There is another factor nobody is considering, besides the comfort of the horse, and that's the safety of the rider. I have put on a lot of weight and can feel my balance is not as good as at my proper weight. Overweight riders have a much higher center of gravity as the extra weight is disproportionally at or above the waist making a person top-heavy.
Simple physics would demonstrate that person is more likely to be thrown out of the seat with a lurch, bolt or stumble. If you want a feel-good forum that encourages people to be in denial of the scientific evidence the stress caused to horses with overloading, then you should title the forum as such.
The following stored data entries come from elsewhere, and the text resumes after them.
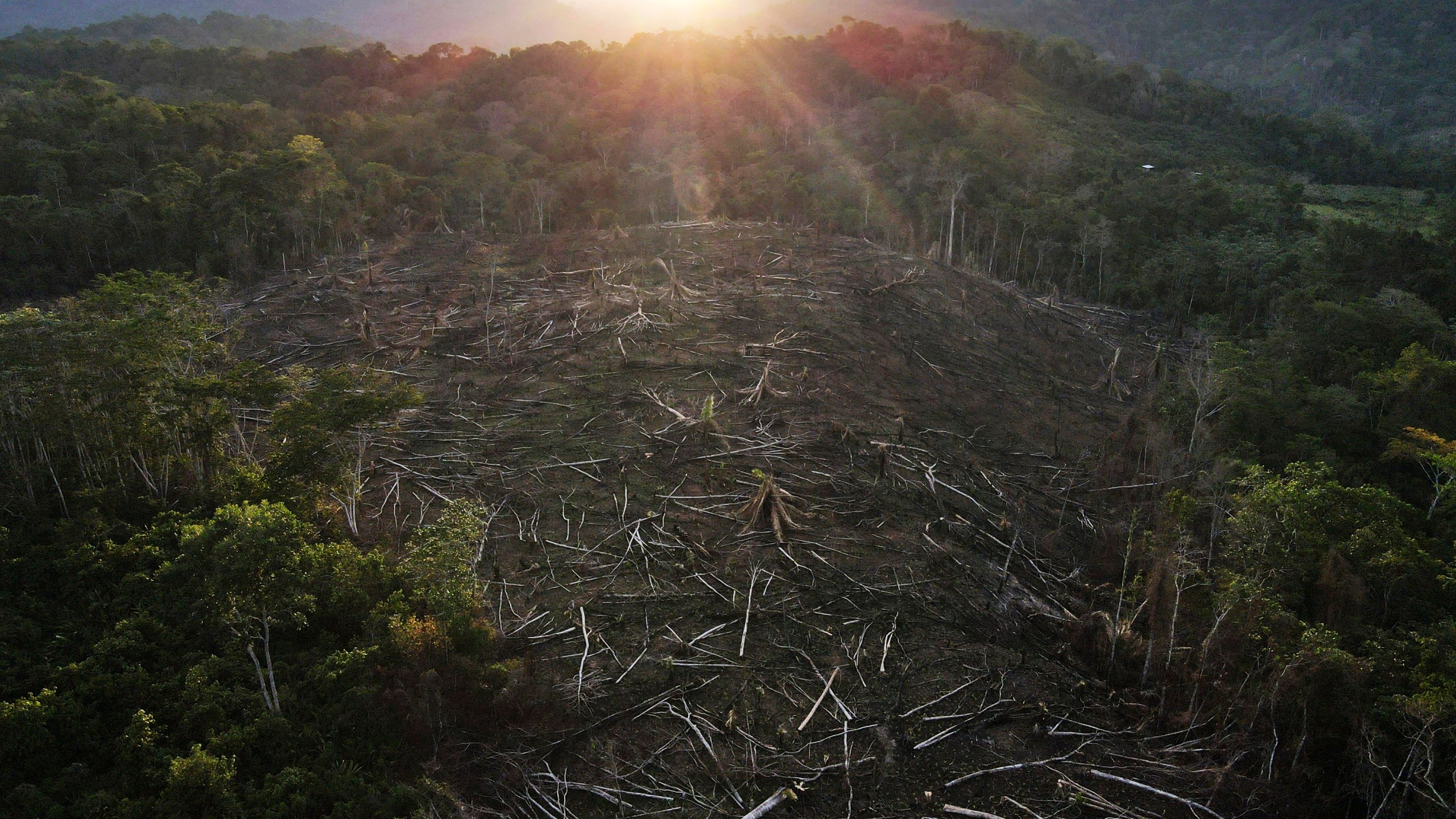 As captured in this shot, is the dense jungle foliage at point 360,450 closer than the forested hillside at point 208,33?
Yes

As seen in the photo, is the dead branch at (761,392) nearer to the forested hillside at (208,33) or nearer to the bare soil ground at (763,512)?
the bare soil ground at (763,512)

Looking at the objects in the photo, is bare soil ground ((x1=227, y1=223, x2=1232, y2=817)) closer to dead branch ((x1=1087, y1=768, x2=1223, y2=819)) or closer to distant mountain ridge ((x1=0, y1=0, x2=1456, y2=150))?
dead branch ((x1=1087, y1=768, x2=1223, y2=819))

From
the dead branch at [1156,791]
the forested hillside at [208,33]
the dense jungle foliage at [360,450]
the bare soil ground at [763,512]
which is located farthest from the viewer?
the forested hillside at [208,33]

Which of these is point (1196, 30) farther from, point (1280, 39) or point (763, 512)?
point (763, 512)

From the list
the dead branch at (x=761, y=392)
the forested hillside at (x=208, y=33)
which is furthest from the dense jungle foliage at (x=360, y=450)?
the forested hillside at (x=208, y=33)

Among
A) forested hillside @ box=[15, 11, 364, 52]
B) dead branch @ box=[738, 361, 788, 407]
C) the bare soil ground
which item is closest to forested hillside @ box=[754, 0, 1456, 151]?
forested hillside @ box=[15, 11, 364, 52]

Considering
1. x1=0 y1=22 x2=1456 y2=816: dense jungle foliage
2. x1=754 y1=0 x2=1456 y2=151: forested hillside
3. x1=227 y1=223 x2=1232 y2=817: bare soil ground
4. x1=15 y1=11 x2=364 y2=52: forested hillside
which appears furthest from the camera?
x1=754 y1=0 x2=1456 y2=151: forested hillside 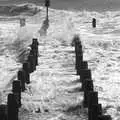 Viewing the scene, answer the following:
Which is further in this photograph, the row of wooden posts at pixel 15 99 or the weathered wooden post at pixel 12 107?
the weathered wooden post at pixel 12 107

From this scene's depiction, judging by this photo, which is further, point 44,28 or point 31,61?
point 44,28

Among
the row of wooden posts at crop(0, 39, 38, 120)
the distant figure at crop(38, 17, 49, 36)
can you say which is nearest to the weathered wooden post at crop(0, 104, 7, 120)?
the row of wooden posts at crop(0, 39, 38, 120)

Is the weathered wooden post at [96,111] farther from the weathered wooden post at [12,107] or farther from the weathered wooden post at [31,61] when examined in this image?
the weathered wooden post at [31,61]

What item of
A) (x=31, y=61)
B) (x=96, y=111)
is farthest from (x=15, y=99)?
(x=31, y=61)

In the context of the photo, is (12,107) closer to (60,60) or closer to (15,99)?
(15,99)

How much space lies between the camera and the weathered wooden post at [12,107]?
795cm

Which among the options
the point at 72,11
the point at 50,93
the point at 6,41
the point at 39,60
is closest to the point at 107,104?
the point at 50,93

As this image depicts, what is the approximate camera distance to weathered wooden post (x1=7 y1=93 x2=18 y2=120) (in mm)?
7945

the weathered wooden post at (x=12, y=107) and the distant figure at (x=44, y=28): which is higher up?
the distant figure at (x=44, y=28)

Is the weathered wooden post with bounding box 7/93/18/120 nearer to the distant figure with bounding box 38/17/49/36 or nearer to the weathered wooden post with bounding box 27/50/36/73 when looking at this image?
the weathered wooden post with bounding box 27/50/36/73

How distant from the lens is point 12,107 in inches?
315

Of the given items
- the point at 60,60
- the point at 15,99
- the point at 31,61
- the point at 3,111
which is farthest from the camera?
the point at 60,60

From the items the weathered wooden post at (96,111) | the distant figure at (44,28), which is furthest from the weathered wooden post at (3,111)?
the distant figure at (44,28)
But if you really want to be safe and keep your horse happy and sound, you should follow the experts and research this rather than let a bunch of strangers saw "awe, you're fine" without any info to base that on other than your weight.
You are not too heavy to ride the appropriate horse at 247. At 5'3' you are probably top-heavy and would need a well trained reliable horse capable of comfortably carrying you and your tack. Most of the time, your horse is not going to complain when you and I would under equivalent pressure, because they are genetically designed to hide and mask pain in order to survive as a preyed upon herd animal. That instinct is alive and well even after centuries of domestication.
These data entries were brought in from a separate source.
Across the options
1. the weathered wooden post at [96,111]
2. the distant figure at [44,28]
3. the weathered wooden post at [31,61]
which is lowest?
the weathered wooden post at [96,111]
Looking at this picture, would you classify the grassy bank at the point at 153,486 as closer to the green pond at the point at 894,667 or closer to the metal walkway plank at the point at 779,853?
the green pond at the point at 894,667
I have several thousand dollars of vet bills from a state veterinary hospital proving that irreparable damage can exist in a horse who was injured from overloading, even when a well respected trainer, the experts who frequent his barn, my own vet and a vet chiro could not find an issue. The horse demonstrated no obvious signs of pain, she only refused to take her right lead in training. That was the only clue. She has an irrepairable stifle stress injury she will have for life. I spent a year and a half trying to make her sound. None of the experts thought she was in pain. Your average horse owner would not have had a clue. Do you really know if your horse is suffering? Not likely, if they are not displaying signs.
Also, I have a crushed knee from a top-heavy related unseating when my well trained (and appropriately sized) qh stumbled at a lope. As a former barrel racer, and avid trail rider including competitive trail, I had never been unseated in my whole life. It was like I had a sack of feed strapped to my back when the inertia took over. I am a strong legged muscuar person. Now I have a disabled knee that causes me daily pain.
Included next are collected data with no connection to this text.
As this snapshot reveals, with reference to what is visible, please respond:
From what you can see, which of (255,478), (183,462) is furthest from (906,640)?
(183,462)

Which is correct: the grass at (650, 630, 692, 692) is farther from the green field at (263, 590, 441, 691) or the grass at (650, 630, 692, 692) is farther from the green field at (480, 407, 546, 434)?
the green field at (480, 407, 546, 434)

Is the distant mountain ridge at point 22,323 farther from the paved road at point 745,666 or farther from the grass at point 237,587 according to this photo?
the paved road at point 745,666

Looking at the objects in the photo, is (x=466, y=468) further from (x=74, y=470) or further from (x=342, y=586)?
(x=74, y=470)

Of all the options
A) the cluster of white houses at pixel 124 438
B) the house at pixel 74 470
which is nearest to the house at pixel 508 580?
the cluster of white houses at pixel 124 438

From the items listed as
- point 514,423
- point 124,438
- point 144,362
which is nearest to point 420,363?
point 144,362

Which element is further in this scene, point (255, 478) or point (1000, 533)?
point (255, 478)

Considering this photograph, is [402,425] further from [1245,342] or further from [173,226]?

So I am a little put off by those in this forum who are saying it's fine to overload a horse. Please publish proof before you encourage someone into danger and injury for both horse and rider.
I completely understand where you are coming from but:
1. The 20% thing is a guideline not a rule, every horse is different and most often with a dedicated owner or trainer they can judge the abilities or discomfort (if any). Would I want to push it to the max and see if it was okay...probably not. Do I feel bad about putting someone overweight on my stocky QH...nope. Its all about personal choice and most importantly depends on the horse.
2. The center of balance/gravity thing you were trying to tell us about...well, again that may be your personal opinion and experience. I've seen skinny people with awful balance/good balance and the same for heavier riders. Physics only considers various constant forces and it simply can't be applied to the human body because there are too many possible variables...some people can compensate via muscle tone or having an excellent body awareness and sense of balance, etc. etc. etc.. I myself am somewhat thick and tall but I also lead an active life and don't consider my balance or center of gravity to be top heavy at all. In fact, I probably have better balance than most people....so much so that I have become an avid surfer....I promise I will let you know when my fat becomes a hindrance :P
You are making such wide generalizations about horse and people body types...that is where I think most people are having a problem with your comments. I am sure no one here would ever want to risk injuring a horse due to overloading and we all agree with you to some extent.
In any case, it is never good to hear about a fellow horse person who has been injured.